> [The problem] Read through the entries below and return each line with the word "Women".

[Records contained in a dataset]
===
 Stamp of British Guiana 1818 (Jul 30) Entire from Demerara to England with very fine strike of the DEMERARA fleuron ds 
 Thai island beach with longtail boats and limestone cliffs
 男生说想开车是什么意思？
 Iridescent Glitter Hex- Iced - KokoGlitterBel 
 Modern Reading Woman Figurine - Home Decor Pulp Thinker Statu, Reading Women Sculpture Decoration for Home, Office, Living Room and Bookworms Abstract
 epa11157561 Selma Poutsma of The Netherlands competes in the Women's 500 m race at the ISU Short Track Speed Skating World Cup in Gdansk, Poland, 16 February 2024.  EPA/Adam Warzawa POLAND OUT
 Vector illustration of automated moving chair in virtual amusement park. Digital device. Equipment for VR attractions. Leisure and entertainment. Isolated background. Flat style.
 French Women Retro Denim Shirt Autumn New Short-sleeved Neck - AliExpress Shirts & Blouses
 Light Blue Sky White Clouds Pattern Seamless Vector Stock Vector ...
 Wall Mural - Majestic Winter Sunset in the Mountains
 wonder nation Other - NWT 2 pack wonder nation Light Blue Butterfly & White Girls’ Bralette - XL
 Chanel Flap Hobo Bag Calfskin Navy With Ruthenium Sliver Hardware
===
> [Response to this exercise]
 Modern Reading Woman Figurine - Home Decor Pulp Thinker Statu, Reading Women Sculpture Decoration for Home, Office, Living Room and Bookworms Abstract
 epa11157561 Selma Poutsma of The Netherlands competes in the Women's 500 m race at the ISU Short Track Speed Skating World Cup in Gdansk, Poland, 16 February 2024.  EPA/Adam Warzawa POLAND OUT
 French Women Retro Denim Shirt Autumn New Short-sleeved Neck - AliExpress Shirts & Blouses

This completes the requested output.